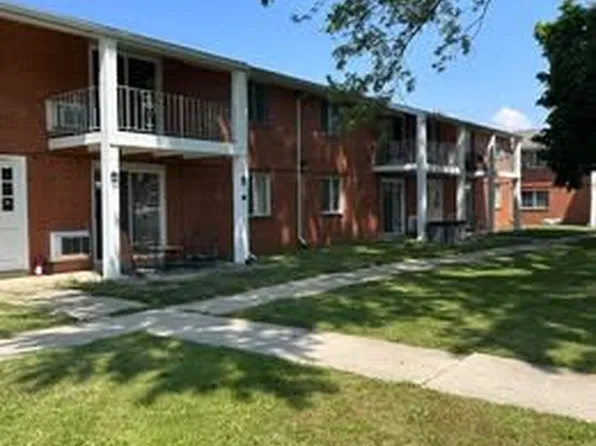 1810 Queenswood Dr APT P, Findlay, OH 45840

--------------------

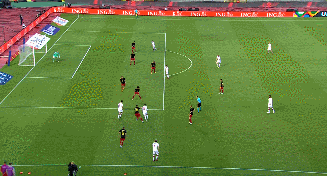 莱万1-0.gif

--------------------

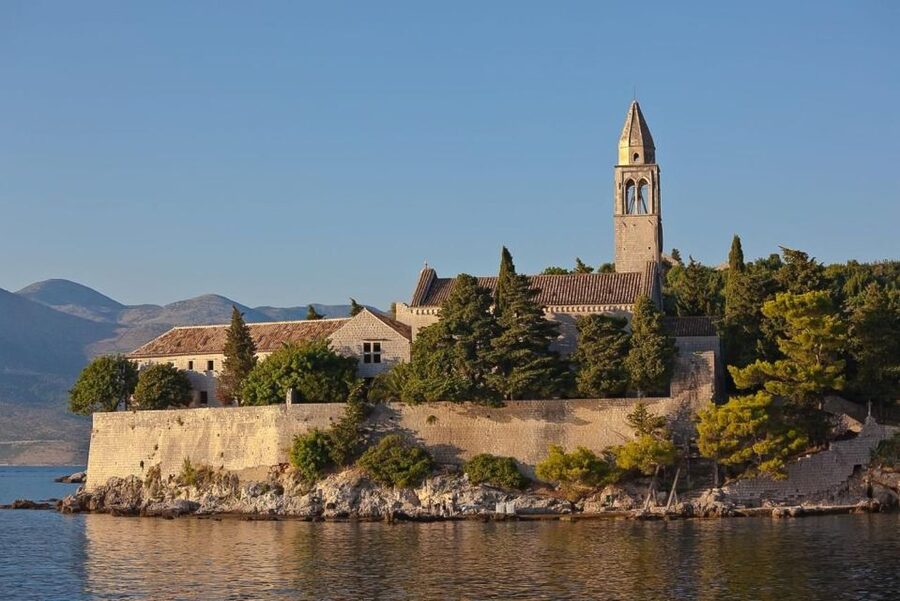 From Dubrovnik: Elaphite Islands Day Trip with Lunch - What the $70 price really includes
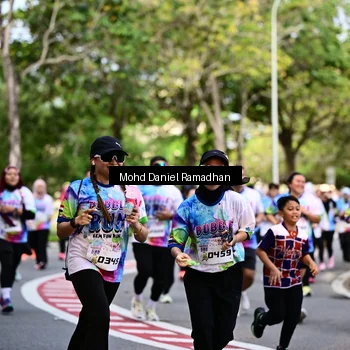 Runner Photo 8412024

--------------------

Write out word for word the lines above that run from the one with "From Dubrovnik: Elaphite" to the one with "Runner Photo 8412024". Include both end lines; exclude the images.

### [Output of the exercise]
 From Dubrovnik: Elaphite Islands Day Trip with Lunch - What the $70 price really includes
 Runner Photo 8412024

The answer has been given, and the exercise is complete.